La bataille à trois pour l’organisation de la Fête fédérale de lutte 2031 monte en intensité. Jusqu’à fin avril, les différents candidats devaient répondre aux questions du groupe d’experts de la fédération. Jusqu’ici, le dossier genevois apparaissait comme le moins abouti. Cette candidature spectaculaire avait été révélée par Blick en février.
L’ambition est claire: organiser la fête au cœur de la deuxième ville du pays. Restait à en préciser le lieu exact — c’est désormais chose faite. La cheffe de projet Isabelle Emmenegger confirme: «L’arène doit être construite sur la Plaine de Plainpalais.»
Un site central, à l’image du cirque Knie
Cet espace en forme de losange, long de 640 mètres et large de 200 mètres, était autrefois une île au milieu de zones marécageuses. Aménagé en 1662, il est aujourd’hui un véritable poumon urbain. Plusieurs fois par semaine, il accueille marchés aux puces et marchés alimentaires.
La plaine sert aussi régulièrement de cadre à de grands événements. Le Cirque Knie y installe par exemple son chapiteau à la fin de l’été. Selon Isabelle Emmenegger, l’ESAF pourrait s’y tenir cinq ans plus tard: «Ce serait une fête des courtes distances. Le site est facilement accessible en bus, en tram ou à pied.»
Deux candidatures ancrées dans la nature
Un combat royal en plein centre-ville, à deux kilomètres à peine du célèbre Jet d’eau du Léman: la proposition genevoise tranche radicalement avec ses concurrentes. Les cantons du Valais et de Neuchâtel misent, eux, sur des cadres plus traditionnels.
Le projet valaisan s’inspire de l’édition de Mollis et repose sur une formule éprouvée. L’arène serait construite sur l’aérodrome entre Rarogne et Viège. Neuchâtel privilégie également un décor naturel, avec une implantation prévue à Colombier, entre vignobles et rives du lac.
Une décision attendue en 2027
À Genève, non seulement le site est désormais fixé, mais la capacité de l’arène aussi. Un stade en bois suisse de 47’000 places est envisagé — soit environ 10’000 de moins que lors de la dernière édition à Mollis, qui avait accueilli 56’500 spectateurs.
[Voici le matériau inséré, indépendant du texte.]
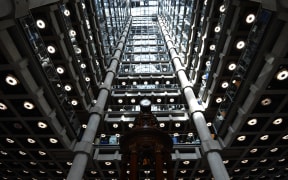 In this file photo taken on March 30, 2017 The interior of Lloyd's of London, the centuries-old insurance market, is pictured in the City of London on March 30, 2017.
Le projet genevois se distingue aussi par sa sobriété: aucune infrastructure supplémentaire majeure ne serait construite, les organisateurs comptant sur les installations existantes. Objectif affiché: réduire les coûts.
Cette approche doit notamment permettre de proposer des billets plus abordables, incluant le transport en train. La décision finale reviendra à l’Assemblée des délégués en mars 2027, qui tranchera sur l’attribution de cette édition 2031 — potentiellement une première historique pour Genève.